___ Exercise data
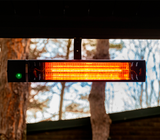 Outdoor infrared patio heater mounted under pergola providing warmth for outdoor seating area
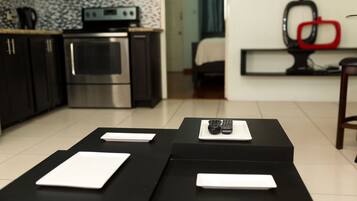 50-inch flat-screen TV with cable channels, TV, DVD player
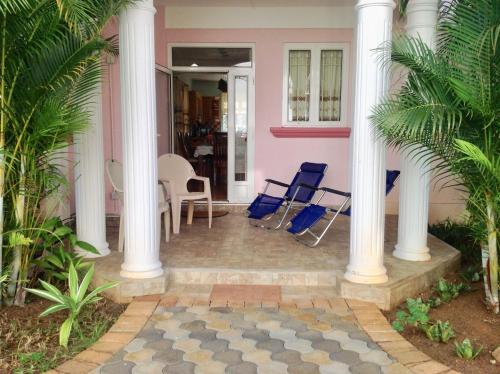 a pink house with white columns and blue chairs at Fayruz Villa is a 3 bedroom, 3 bathroom detached house with AC and swimming pool 5 minutes walk from Flic en Flac public beach in Flic-en-Flac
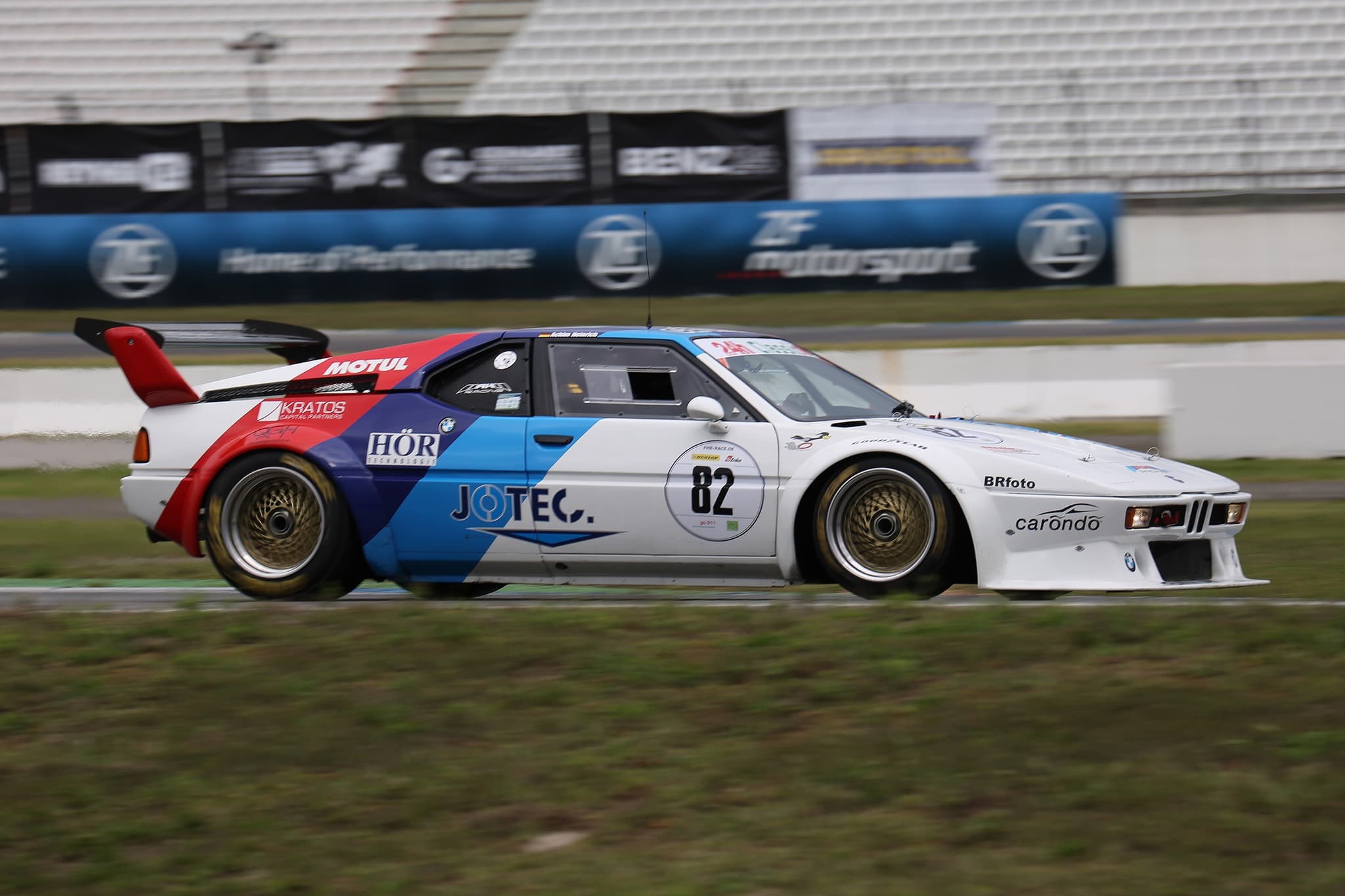 A white BMW M1 racing car with blue, violet and red stripes, sponsors' decals and gold wheels, number 82 on the door, panned at speed past circuit hoardings and an empty grandstand.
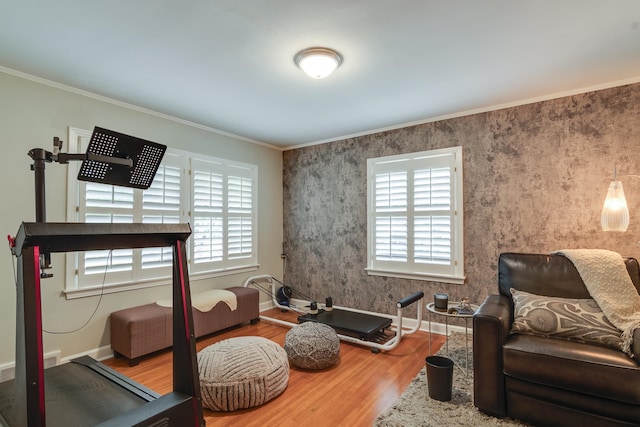 interior space with crown molding, a healthy amount of sunlight, and hardwood / wood-style floors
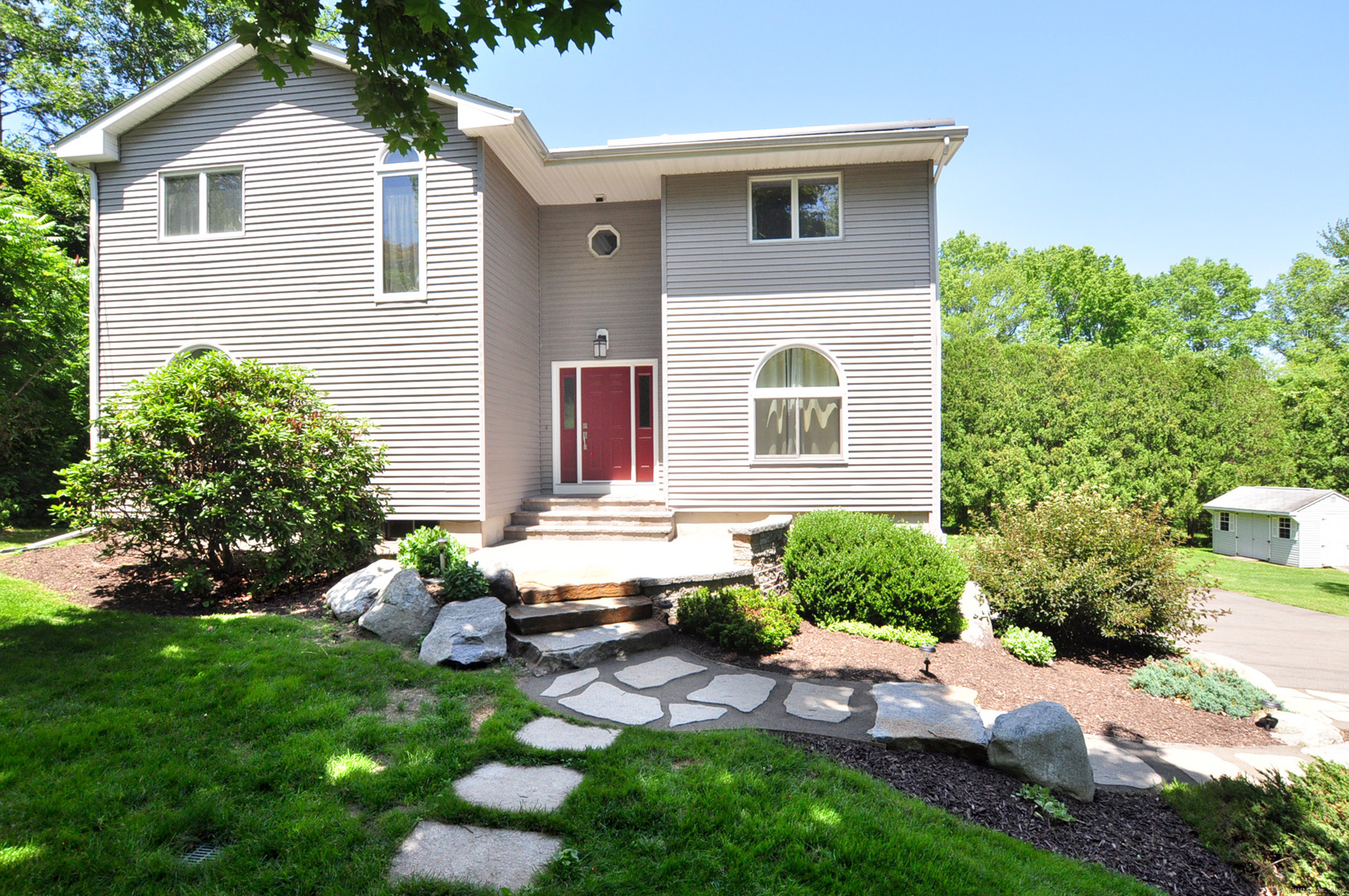 a front view of a house with garden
______
_Instructions to follow_
Print every entry word for word; omit the pictures.

_Problem solution_
 Outdoor infrared patio heater mounted under pergola providing warmth for outdoor seating area
 50-inch flat-screen TV with cable channels, TV, DVD player
 a pink house with white columns and blue chairs at Fayruz Villa is a 3 bedroom, 3 bathroom detached house with AC and swimming pool 5 minutes walk from Flic en Flac public beach in Flic-en-Flac
 A white BMW M1 racing car with blue, violet and red stripes, sponsors' decals and gold wheels, number 82 on the door, panned at speed past circuit hoardings and an empty grandstand.
 interior space with crown molding, a healthy amount of sunlight, and hardwood / wood-style floors
 a front view of a house with garden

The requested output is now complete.